I salute you, Harjeet for the way you have come out from the loss of your loved ones. You are an inspiration in so many ways to me. I always respect you a lot for the dedication you have for your work and life as a whole. Kudos to your undying spirit.You remind me of the example of ‘dhruva’ or grass, nothing can crush your spirits.
My condolences, Debi. That must have been hard hitting. We never know how quickly things can change. It is so important to prioritize our loved ones, which we often miss to do when life gets in the way. Hope you have a beautiful year ahead with your loved ones.
Thanks dear for the warm wishes much needed. ❤
I’m so sorry for your loss. Yes, sometimes things that can be put away take precedence over family and although one can’t unchange what’s done, please don’t let it pull you down. Maybe it wasn’t bound to happen. I’m dure he’s blessing you from up above. Have a good year ahead!

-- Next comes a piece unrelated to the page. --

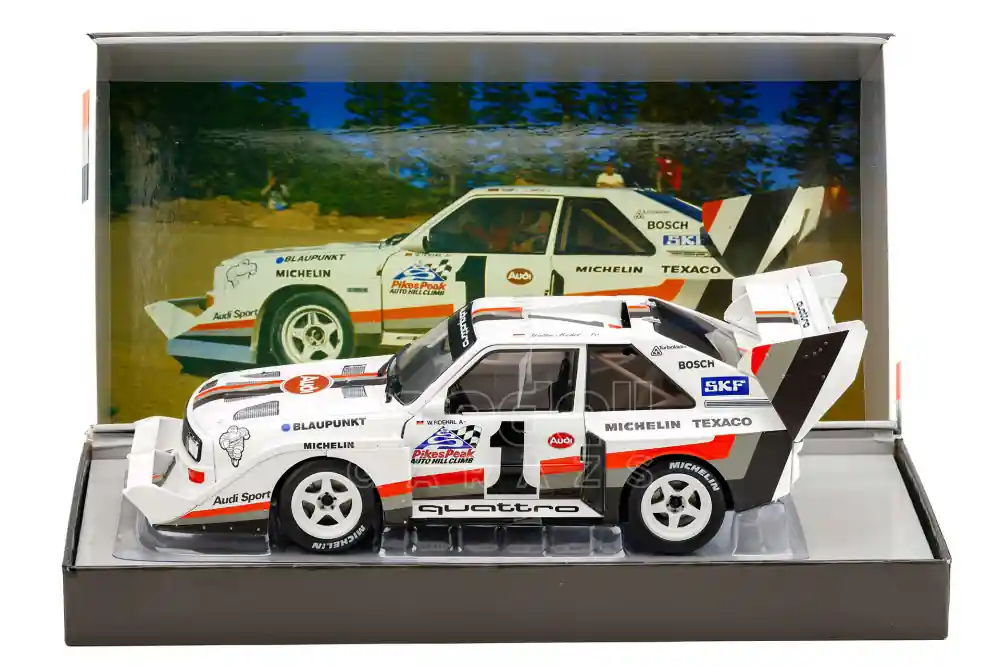 Audi Quattro S1 1 Pikes Peak Hill Climb győztes 1987 W. Röhrl Kedvezményes ár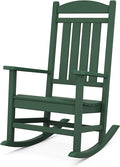 POLYWOOD Presidential Rocking Chair in Green by POLYWOOD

Thank you Varsha for the warm wishes. I wish you a happy, healthy, and prosperous year.
That’s really an unexpected thing, but the bitter truth of life. I also faced the same thing when my Mama Ji passed away during the Covid-19. I felt the same as what you felt for your uncle. A few memories are always there in the mind, but that’s the life. We have to face this bitter truth of life. Life teaches us many ways, but we take our relationships for granted. I hope God gives us the knowledge and the strength to maintain the relationship with our loved ones.
Life is a hard task master for sure.
I tried commenting twice. Sorry dear that my comment did not reach you. Honestly even I think new year is just a continuity of life with more of life and experiences. Even with my paternal Grand dad the same thing happened I thought to call back from the hostel but forgot. And he was no more when I returned home after the last college working day in 2013. But no one does it with an intension but happens. May your uncle’s soul rest in peace. And wishing you a wonder filled and happiness filled 2023 debi?❤️??
Hey dear, special thanks as you took the pain to comment twice ppl don’t even bother to do it once even if it’s a rule in the bloghop. Life is a rollercoaster ride and we must move forward with the lesson learned.